▶ _Problem description_
Pull out every line below that contains the word "whole".

▶ _Raw data_
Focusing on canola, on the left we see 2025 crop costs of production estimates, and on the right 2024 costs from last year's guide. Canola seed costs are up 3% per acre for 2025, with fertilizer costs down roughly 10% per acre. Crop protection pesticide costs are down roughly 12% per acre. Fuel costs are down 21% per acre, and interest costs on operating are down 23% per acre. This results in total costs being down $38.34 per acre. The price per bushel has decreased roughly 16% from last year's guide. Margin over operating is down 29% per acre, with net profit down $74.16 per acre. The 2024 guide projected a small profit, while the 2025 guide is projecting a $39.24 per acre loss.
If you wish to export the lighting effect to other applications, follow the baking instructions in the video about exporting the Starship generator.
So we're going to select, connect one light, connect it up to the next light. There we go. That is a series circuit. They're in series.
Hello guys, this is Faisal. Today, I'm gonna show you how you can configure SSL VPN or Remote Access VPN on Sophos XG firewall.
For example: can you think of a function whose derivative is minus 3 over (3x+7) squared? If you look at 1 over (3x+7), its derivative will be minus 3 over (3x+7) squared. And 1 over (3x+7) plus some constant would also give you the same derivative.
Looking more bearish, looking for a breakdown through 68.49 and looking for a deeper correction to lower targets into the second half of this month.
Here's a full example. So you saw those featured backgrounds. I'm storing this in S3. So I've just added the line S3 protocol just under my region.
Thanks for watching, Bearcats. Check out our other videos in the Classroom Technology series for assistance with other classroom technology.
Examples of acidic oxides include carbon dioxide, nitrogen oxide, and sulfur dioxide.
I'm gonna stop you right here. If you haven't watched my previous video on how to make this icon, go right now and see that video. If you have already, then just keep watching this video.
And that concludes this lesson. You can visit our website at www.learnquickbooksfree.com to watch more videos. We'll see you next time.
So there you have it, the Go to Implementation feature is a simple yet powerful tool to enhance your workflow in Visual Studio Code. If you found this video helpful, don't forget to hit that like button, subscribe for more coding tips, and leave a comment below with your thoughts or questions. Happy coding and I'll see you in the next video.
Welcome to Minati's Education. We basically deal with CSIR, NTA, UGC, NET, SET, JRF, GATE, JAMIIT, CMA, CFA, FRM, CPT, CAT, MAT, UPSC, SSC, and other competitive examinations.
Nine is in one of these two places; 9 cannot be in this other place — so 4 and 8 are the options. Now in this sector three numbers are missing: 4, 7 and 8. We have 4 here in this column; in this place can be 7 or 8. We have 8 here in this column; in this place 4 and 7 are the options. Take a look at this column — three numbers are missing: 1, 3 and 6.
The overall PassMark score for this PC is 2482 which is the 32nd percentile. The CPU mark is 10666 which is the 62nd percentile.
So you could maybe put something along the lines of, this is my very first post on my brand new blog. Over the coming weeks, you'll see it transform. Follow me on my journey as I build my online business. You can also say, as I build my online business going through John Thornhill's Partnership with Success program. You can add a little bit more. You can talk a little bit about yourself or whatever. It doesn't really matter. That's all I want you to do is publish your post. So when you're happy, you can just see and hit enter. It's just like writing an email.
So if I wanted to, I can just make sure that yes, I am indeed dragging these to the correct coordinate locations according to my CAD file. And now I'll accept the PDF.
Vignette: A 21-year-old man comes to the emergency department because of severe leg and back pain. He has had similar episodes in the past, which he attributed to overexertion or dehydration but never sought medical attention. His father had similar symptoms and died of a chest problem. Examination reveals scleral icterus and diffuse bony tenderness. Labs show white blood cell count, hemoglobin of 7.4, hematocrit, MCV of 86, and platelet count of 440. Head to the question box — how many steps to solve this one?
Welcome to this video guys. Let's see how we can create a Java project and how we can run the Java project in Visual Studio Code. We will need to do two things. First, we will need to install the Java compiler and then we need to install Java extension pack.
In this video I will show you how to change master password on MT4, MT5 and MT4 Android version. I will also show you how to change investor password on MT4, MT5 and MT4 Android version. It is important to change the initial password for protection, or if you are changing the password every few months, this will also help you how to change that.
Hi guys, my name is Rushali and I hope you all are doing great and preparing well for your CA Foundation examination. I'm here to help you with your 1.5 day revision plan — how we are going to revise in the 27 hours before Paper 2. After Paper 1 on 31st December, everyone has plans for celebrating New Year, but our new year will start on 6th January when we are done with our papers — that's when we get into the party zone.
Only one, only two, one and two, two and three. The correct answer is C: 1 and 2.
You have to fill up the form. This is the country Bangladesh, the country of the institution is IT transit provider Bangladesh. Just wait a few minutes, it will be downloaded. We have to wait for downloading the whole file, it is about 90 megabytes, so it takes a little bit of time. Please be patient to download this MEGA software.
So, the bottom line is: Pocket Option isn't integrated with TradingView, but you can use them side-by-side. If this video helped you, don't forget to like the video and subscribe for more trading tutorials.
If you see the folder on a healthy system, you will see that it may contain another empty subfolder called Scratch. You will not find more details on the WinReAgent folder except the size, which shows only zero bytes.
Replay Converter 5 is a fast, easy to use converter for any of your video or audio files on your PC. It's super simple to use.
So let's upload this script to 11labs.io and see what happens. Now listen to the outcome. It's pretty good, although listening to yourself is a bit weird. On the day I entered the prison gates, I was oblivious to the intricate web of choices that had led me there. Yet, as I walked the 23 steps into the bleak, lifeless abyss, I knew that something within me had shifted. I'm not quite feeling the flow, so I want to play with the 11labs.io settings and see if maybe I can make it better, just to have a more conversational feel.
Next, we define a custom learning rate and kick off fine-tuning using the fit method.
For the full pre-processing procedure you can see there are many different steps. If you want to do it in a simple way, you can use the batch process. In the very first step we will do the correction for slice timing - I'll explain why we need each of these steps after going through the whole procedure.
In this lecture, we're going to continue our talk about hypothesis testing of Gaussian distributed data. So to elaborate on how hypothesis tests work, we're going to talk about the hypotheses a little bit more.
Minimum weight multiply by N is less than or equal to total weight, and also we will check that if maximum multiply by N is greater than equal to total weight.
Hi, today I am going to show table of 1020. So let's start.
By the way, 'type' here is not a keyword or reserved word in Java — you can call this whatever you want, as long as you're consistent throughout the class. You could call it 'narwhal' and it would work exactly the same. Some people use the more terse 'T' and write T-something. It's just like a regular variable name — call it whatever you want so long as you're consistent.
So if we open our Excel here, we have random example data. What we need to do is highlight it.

▶ _Problem solution_
You have to fill up the form. This is the country Bangladesh, the country of the institution is IT transit provider Bangladesh. Just wait a few minutes, it will be downloaded. We have to wait for downloading the whole file, it is about 90 megabytes, so it takes a little bit of time. Please be patient to download this MEGA software.
For the full pre-processing procedure you can see there are many different steps. If you want to do it in a simple way, you can use the batch process. In the very first step we will do the correction for slice timing - I'll explain why we need each of these steps after going through the whole procedure.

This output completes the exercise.